▶ **INSTRUCTIONS TO FOLLOW**
Where "Hanging" appears in a line of the entries below, that line should be copied.

▶ **MATERIAL PROVIDED**
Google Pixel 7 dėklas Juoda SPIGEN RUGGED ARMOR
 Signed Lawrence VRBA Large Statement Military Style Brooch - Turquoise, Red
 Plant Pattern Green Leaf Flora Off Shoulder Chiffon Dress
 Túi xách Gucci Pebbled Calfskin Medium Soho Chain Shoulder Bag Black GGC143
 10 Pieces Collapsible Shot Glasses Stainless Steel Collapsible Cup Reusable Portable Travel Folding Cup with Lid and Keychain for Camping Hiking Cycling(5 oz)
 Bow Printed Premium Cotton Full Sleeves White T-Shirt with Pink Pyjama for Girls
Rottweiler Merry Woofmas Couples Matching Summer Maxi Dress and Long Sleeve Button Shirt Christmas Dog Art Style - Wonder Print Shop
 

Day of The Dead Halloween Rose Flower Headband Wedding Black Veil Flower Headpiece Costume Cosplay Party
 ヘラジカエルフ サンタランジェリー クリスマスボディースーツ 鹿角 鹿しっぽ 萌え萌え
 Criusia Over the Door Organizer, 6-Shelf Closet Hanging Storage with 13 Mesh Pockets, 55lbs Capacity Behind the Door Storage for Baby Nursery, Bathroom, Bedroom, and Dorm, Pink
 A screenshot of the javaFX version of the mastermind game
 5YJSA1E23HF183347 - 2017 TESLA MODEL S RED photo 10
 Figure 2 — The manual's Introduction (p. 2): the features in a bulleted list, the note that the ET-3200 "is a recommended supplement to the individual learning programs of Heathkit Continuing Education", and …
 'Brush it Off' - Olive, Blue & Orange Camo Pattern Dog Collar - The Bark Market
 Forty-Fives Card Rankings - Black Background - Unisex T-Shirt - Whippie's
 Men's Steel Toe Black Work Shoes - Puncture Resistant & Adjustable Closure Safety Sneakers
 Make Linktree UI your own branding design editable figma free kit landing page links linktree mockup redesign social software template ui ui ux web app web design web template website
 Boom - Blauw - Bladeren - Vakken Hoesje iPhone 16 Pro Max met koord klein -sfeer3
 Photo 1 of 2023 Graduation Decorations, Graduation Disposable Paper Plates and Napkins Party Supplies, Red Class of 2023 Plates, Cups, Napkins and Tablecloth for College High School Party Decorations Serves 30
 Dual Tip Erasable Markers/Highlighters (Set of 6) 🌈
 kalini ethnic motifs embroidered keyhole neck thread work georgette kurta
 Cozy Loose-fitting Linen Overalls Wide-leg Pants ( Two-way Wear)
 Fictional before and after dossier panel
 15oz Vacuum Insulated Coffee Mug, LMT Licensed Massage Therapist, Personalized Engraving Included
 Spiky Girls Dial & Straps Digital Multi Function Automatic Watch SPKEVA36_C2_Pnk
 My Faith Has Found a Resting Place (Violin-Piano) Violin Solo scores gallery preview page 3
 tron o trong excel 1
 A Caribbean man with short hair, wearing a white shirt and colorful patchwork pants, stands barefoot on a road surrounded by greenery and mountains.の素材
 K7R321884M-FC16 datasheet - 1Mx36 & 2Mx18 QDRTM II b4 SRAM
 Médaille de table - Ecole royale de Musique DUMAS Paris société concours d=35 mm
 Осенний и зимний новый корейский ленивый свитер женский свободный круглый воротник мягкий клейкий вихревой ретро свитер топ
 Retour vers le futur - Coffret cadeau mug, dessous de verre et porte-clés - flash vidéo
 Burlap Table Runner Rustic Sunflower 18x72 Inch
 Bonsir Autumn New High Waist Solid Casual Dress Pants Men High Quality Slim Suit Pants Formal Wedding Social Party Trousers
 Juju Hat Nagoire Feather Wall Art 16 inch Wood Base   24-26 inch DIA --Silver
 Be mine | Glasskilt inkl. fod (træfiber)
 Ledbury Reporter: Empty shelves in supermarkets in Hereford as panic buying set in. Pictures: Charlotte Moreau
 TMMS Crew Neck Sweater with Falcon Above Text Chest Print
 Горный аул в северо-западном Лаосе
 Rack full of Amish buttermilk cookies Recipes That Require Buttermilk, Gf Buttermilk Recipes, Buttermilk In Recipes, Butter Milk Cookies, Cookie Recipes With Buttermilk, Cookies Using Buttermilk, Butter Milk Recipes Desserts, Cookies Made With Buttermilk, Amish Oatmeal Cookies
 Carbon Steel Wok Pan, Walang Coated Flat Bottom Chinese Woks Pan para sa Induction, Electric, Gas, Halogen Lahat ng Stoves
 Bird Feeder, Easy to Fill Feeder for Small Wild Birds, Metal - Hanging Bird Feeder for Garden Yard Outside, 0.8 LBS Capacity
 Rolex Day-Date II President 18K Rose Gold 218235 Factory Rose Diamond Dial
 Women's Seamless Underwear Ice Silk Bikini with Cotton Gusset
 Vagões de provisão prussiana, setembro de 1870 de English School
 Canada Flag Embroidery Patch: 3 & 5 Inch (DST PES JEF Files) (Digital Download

▶ **FINISHED EXERCISE**
 Criusia Over the Door Organizer, 6-Shelf Closet Hanging Storage with 13 Mesh Pockets, 55lbs Capacity Behind the Door Storage for Baby Nursery, Bathroom, Bedroom, and Dorm, Pink
 Bird Feeder, Easy to Fill Feeder for Small Wild Birds, Metal - Hanging Bird Feeder for Garden Yard Outside, 0.8 LBS Capacity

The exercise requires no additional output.